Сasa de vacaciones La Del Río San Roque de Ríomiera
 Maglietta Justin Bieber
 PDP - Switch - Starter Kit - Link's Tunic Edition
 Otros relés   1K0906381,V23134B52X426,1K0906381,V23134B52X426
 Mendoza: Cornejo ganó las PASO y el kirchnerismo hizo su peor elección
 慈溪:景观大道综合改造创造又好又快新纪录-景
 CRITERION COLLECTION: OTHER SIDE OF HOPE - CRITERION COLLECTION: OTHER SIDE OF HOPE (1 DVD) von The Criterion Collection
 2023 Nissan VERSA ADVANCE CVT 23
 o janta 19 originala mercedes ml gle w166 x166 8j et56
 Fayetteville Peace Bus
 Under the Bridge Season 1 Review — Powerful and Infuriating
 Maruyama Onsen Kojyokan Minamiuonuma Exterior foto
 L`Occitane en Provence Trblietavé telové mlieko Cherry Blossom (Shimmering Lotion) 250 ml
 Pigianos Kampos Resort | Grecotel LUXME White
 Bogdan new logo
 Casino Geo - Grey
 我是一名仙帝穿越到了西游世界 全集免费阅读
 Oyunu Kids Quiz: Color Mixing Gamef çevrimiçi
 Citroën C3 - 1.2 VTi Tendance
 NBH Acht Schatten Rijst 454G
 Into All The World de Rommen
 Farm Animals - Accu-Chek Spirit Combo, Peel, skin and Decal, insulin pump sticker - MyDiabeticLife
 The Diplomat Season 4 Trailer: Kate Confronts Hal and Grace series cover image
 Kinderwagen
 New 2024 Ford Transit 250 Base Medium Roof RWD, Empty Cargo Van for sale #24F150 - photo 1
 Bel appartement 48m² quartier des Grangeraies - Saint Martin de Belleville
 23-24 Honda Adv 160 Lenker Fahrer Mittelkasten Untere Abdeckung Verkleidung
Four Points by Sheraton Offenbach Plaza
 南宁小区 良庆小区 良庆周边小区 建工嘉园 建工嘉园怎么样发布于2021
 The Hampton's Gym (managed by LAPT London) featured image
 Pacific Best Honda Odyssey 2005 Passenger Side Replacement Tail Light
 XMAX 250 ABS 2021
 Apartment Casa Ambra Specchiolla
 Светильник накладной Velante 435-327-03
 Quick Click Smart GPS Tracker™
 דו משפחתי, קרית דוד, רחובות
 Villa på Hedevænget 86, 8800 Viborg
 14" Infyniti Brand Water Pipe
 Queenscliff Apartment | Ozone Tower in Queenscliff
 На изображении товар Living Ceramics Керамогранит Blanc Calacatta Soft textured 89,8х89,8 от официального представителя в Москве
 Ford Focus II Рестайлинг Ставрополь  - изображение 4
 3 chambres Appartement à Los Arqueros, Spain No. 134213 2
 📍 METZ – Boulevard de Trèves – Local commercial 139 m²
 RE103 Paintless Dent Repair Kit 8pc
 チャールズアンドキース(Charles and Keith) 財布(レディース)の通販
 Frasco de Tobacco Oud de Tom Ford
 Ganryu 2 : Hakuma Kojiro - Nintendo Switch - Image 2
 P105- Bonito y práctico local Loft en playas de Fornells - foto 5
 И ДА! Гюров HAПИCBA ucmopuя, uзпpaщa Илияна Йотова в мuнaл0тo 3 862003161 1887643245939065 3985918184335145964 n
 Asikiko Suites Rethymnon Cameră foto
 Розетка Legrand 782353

◆ ◆ ◆ ◆ ◆ ◆ ◆

- **Aim of the exercise**: Reproduce the records above line by line, without any change, up to and including the line that holds "NBH Acht Schatten Rijst 454G".

- **Task answer**:
Сasa de vacaciones La Del Río San Roque de Ríomiera
 Maglietta Justin Bieber
 PDP - Switch - Starter Kit - Link's Tunic Edition
 Otros relés   1K0906381,V23134B52X426,1K0906381,V23134B52X426
 Mendoza: Cornejo ganó las PASO y el kirchnerismo hizo su peor elección
 慈溪:景观大道综合改造创造又好又快新纪录-景
 CRITERION COLLECTION: OTHER SIDE OF HOPE - CRITERION COLLECTION: OTHER SIDE OF HOPE (1 DVD) von The Criterion Collection
 2023 Nissan VERSA ADVANCE CVT 23
 o janta 19 originala mercedes ml gle w166 x166 8j et56
 Fayetteville Peace Bus
 Under the Bridge Season 1 Review — Powerful and Infuriating
 Maruyama Onsen Kojyokan Minamiuonuma Exterior foto
 L`Occitane en Provence Trblietavé telové mlieko Cherry Blossom (Shimmering Lotion) 250 ml
 Pigianos Kampos Resort | Grecotel LUXME White
 Bogdan new logo
 Casino Geo - Grey
 我是一名仙帝穿越到了西游世界 全集免费阅读
 Oyunu Kids Quiz: Color Mixing Gamef çevrimiçi
 Citroën C3 - 1.2 VTi Tendance
 NBH Acht Schatten Rijst 454G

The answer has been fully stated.